## Supplied information
┏━━

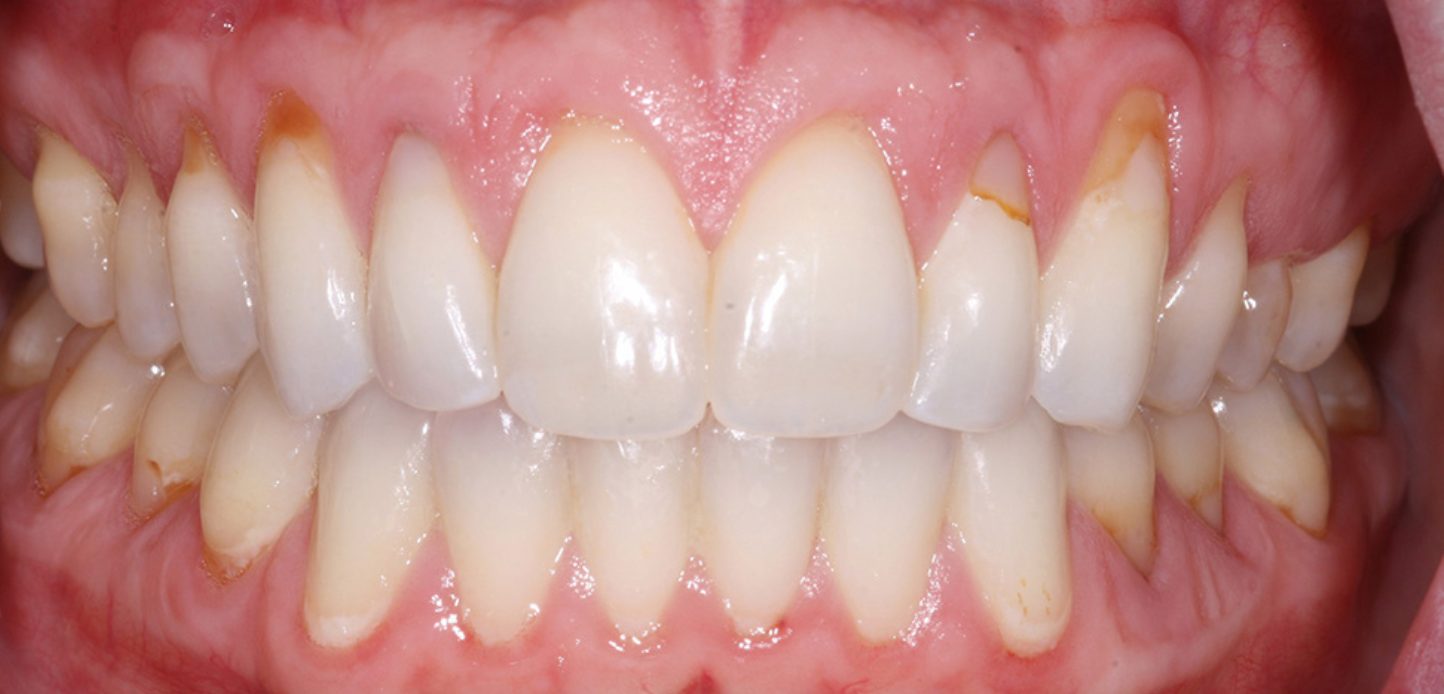 A close-up from our smile gallery shows a person's teeth with mild yellowish plaque buildup near the gum line. The gums appear slightly red and inflamed in some areas.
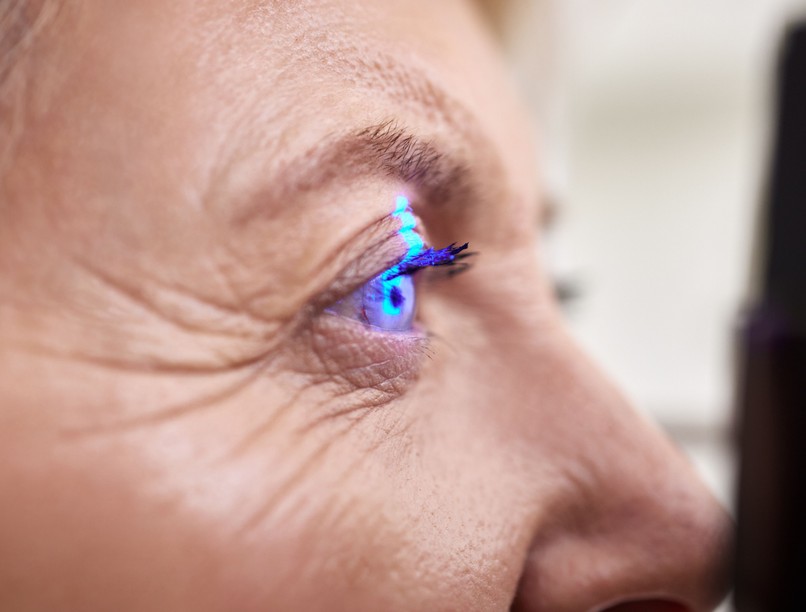 szemdaganat, szem melanóma, látás, sugárkezelés, műtét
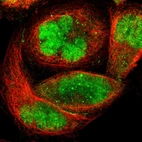 Immunofluorescent staining of human cell line A-431 shows localization to nucleus & nuclear bodies.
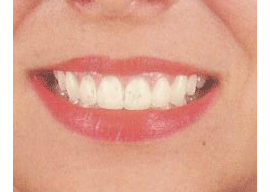 whiteningteeth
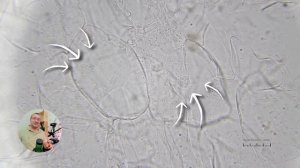 Что чеснок делает с микробами под микроскопом  Мгновенная смерть!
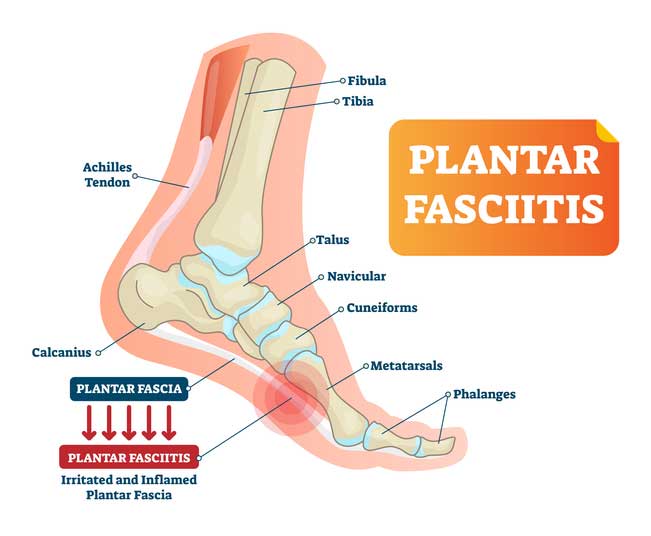 plantar-fasciitis-diagram plantar-fasciitis-diagram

┗━━

A word-for-word copy of the records above is needed, pictures excluded.

## Your solution
 A close-up from our smile gallery shows a person's teeth with mild yellowish plaque buildup near the gum line. The gums appear slightly red and inflamed in some areas.
 szemdaganat, szem melanóma, látás, sugárkezelés, műtét
 Immunofluorescent staining of human cell line A-431 shows localization to nucleus & nuclear bodies.
 whiteningteeth
 Что чеснок делает с микробами под микроскопом  Мгновенная смерть!
 plantar-fasciitis-diagram plantar-fasciitis-diagram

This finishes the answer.